:: Recorded information

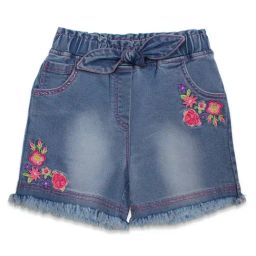 Cutecumber Girls Blue Regular Fit Shorts-image-105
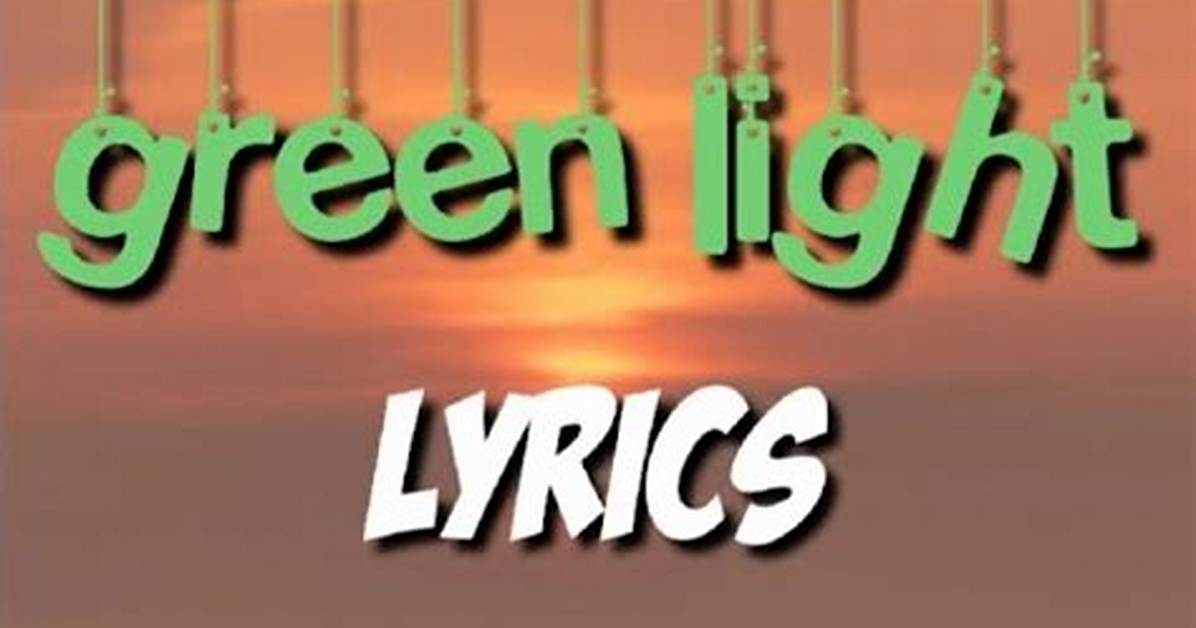 Lyrics & Translations of Green Light by Young Dolph & Key Glock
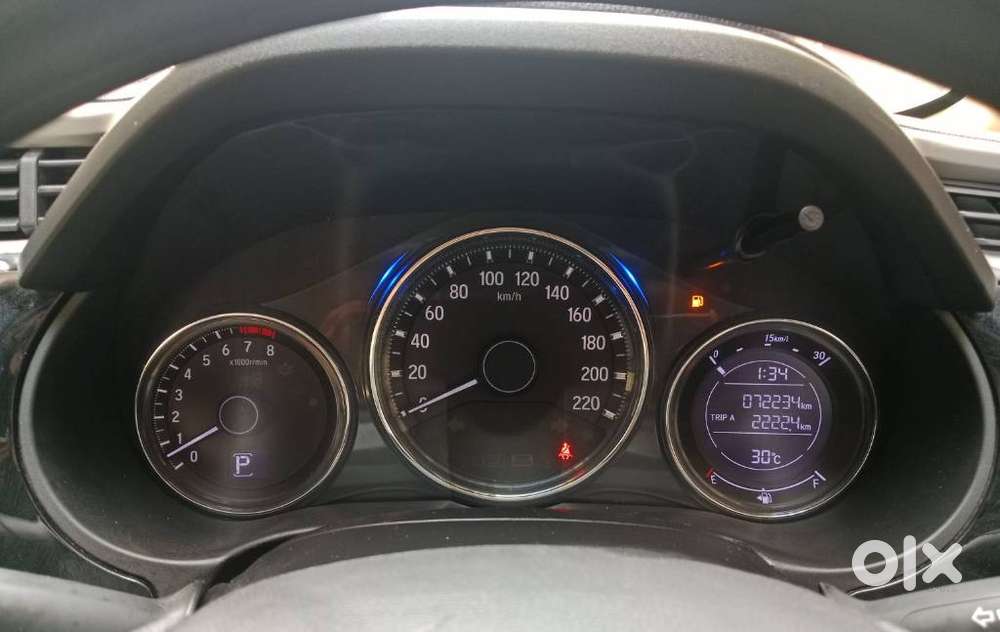 Honda City I-vtec Cvt V, 2019, Petrol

::::

→ Problem to solve
The data above must be reproduced exactly, without any of its pictures.

→ Written solution
 Cutecumber Girls Blue Regular Fit Shorts-image-105
 Lyrics & Translations of Green Light by Young Dolph & Key Glock
 Honda City I-vtec Cvt V, 2019, Petrol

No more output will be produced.